I am Muslim, and after attacks like these, folks always ask, “Do you condemn terrorism?” Or they throw up their hands and say, “Where are the Muslims!” Well, to be blunt: Not at the event. In fact, every major mosque in the Garland, Texas, area not only shrugged off the anti-Islam event happening in their backyard, but also declined to exercise their equal right to peacefully protest it. It appears from early reports that the suspects were not currently involved with a mosque. This is because American Muslims — our mosques and our leadership — reject radicalism out of hand. — (Don’t be fooled by Pamela Geller By Haroon Moghul)

pamelagellerPamela Geller as you may or may not know is the radical anti-Islamist from the East Coast who sponsored the “Free Speech” shindig in Texas.  What could be more American than a free speech contest?  Who could be more American than someone wanting to uphold our First Amendment rights?  Where else in the world would you find a contest proving to the world that Americans are willing to denigrate the beliefs of a large religious following except in Texas?   And I am not talking about the beliefs of Baptists either.

Of course the followers of Ms. Geller immediately launched a reply to Mr.

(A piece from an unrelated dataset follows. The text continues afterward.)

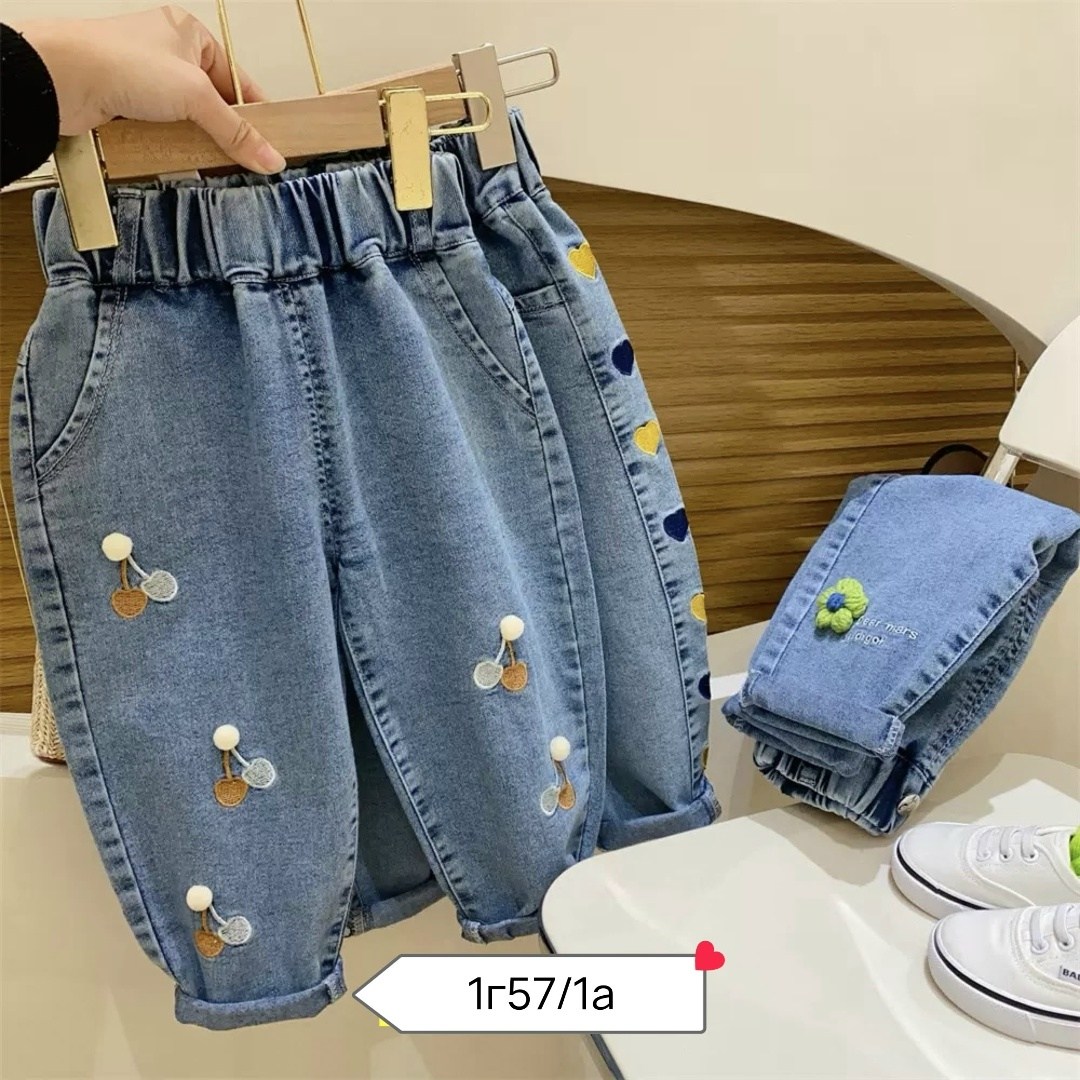 джинсы для девочек,детские джинсы,корейские джинсы для девочек,штаны для девочек,джинсы для малышей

Moghul some of which is as follows:

The clearest indication that Haroon Moghul is a jihad terror-enabling charlatan is the fact that after jihadis attempt to commit mass murder at a free speech event, he doesn’t write a piece defending free speech and explaining why Muslims must accept it, or a piece condemning the Islamic jihadis and explaining why Islam’s death penalty for blasphemy must not be carried out in the modern age, or a piece calling for reform of the teachings and doctrines that Islamic jihadis use to justify violence and supremacism. ­­–  (Don’t be fooled by Haroon Moghul by Robert Spencer)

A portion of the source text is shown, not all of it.